You can use your custom mapreduce code. Just check the record type and if xml then preprocess to avoid new lines.
Sent from handheld, please excuse typos.
From: iwannaplay games <[EMAIL PROTECTED]>
Date: Tue, 20 Nov 2012 14:29:18
To: <[EMAIL PROTECTED]>
Reply-To: [EMAIL PROTECTED]
Subject: Re: populating xml data in hive
How to preprocess data where millions of records are there out of
which only few thousands contain xml data
On 11/20/12, Nitin Pawar <[EMAIL PROTECTED]> wrote:
> Hive currently supports only new line as record separator.
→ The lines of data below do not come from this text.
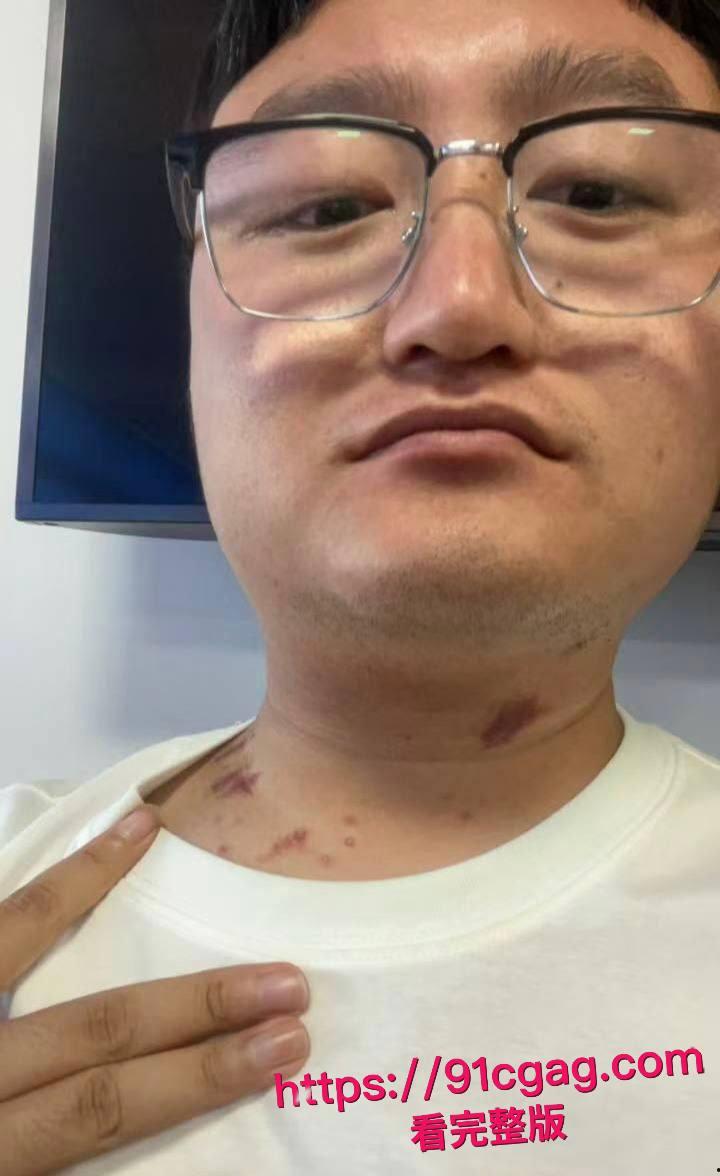 沈阳建筑大学的小鲜肉左一飞，还是个研究生，才20岁出头的嫩鸡巴小伙子，竟然跟50多岁宿舍宿管大妈搞起了火热地下恋-2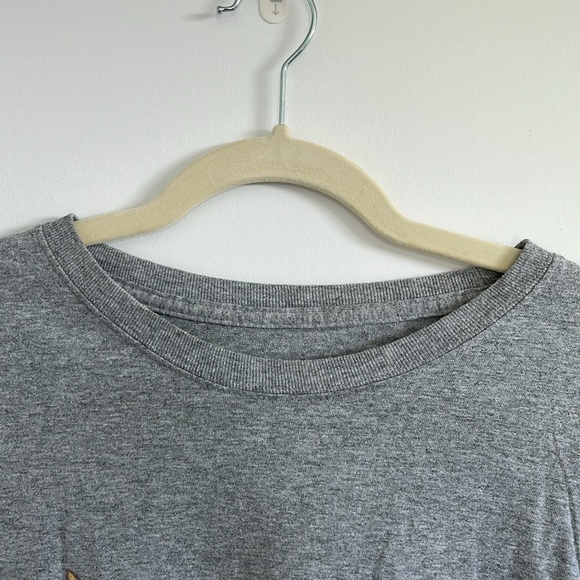 Vintage Minnesota Golden Gophers NCAA Hockey Tee T-Shirt - Picture 3 of 4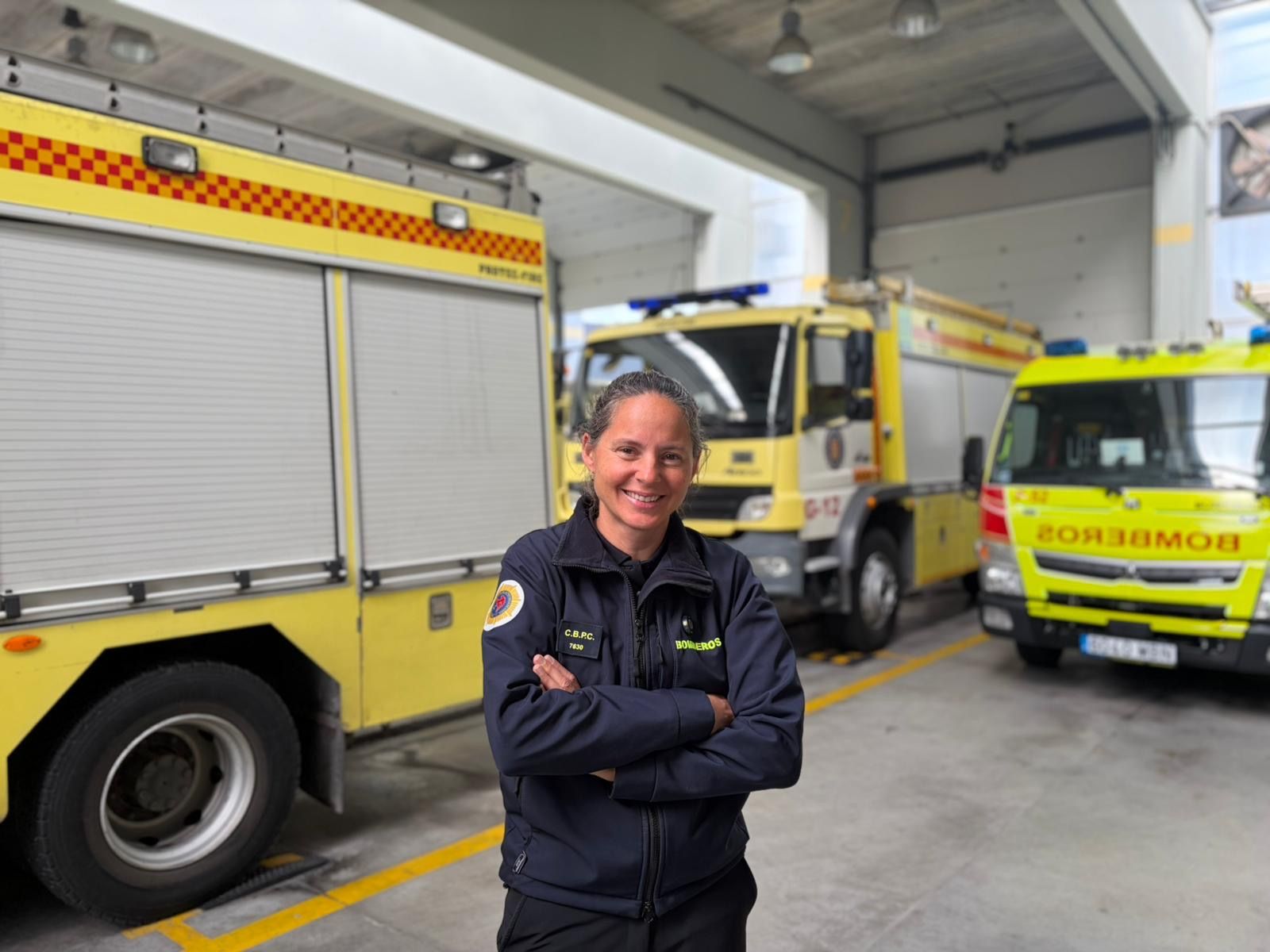 Laura Ordoñez, bombera de Algeciras: "Siempre tenemos que demostrar que valemos para el puesto". Foto: Sofía Furse / 8Directo. Laura Ordoñez, bombera de Algeciras: "Siempre tenemos que demostrar que valemos para el puesto". Foto: Sofía Furse / 8Directo.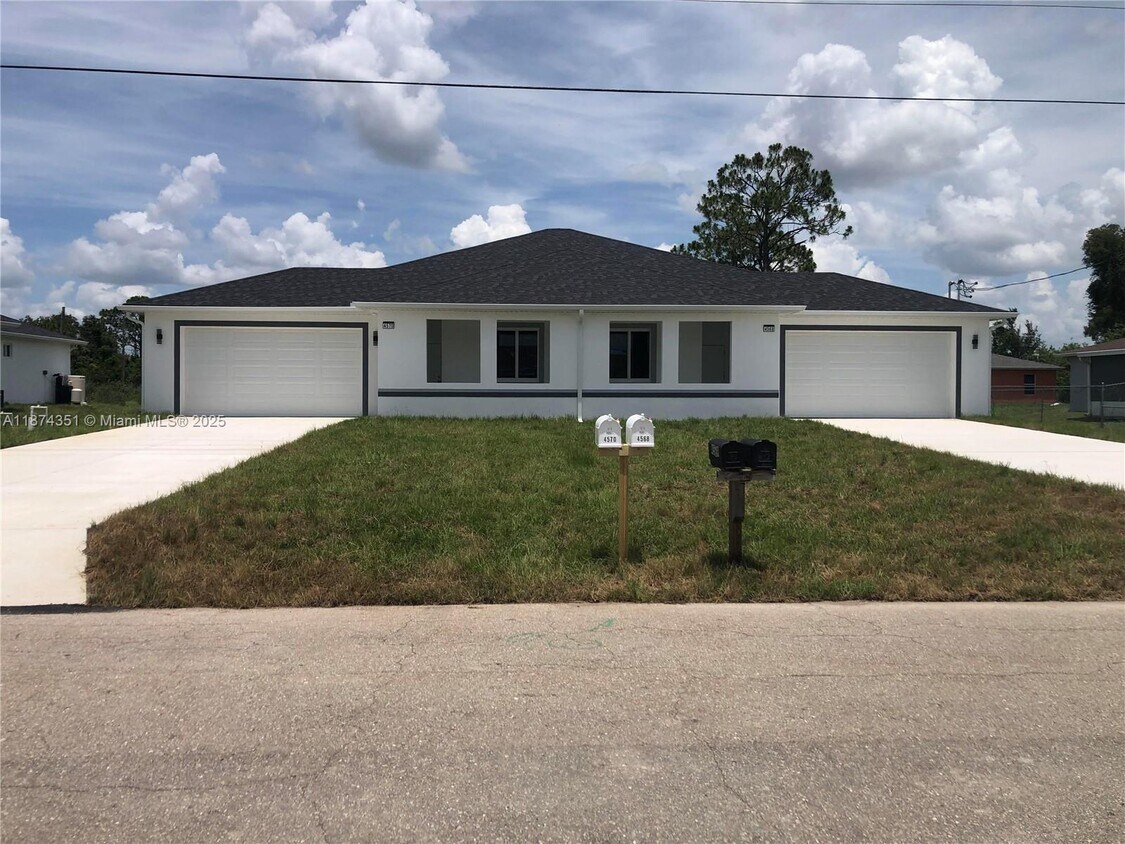 Primary Photo - 4574 Golfview Blvd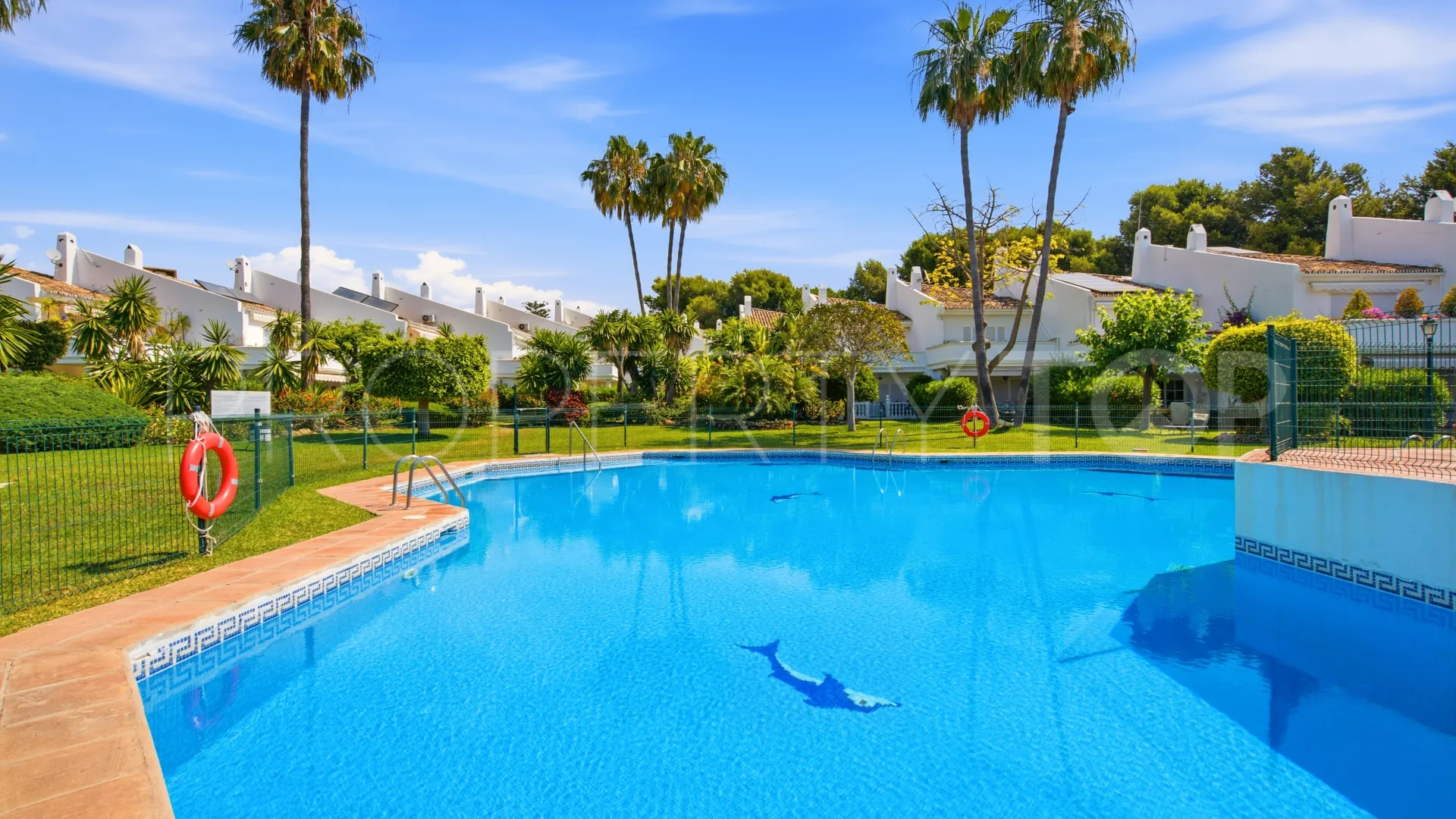 Town house in Sun Hill for sale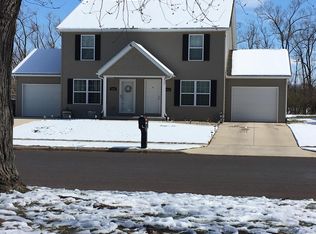2424 Lakeshore Dr, Pekin, IL 61554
If you got
> newline in in column values then you will need to preprocess your data and
> remove new line from column values
> On Nov 20, 2012 1:30 PM, "iwannaplay games" <[EMAIL PROTECTED]>
>> Hi All,
>> I have a csv file ( separated by |) where data is like
>> id data
>> 1 apple
>> 2 mango
>> 3 <?xml version="1.0" encoding="utf-8"?>
>> 4 papaya
>> Since id=3 has new line in data field hive takes only first
>> line and treats second line as different row.I want my full xml field
>> to be taken inside data in hive table .
>> it seems hive doesnt support lines terminated by '|'
>> How to treat xml data in hive
>> Thanks & Regards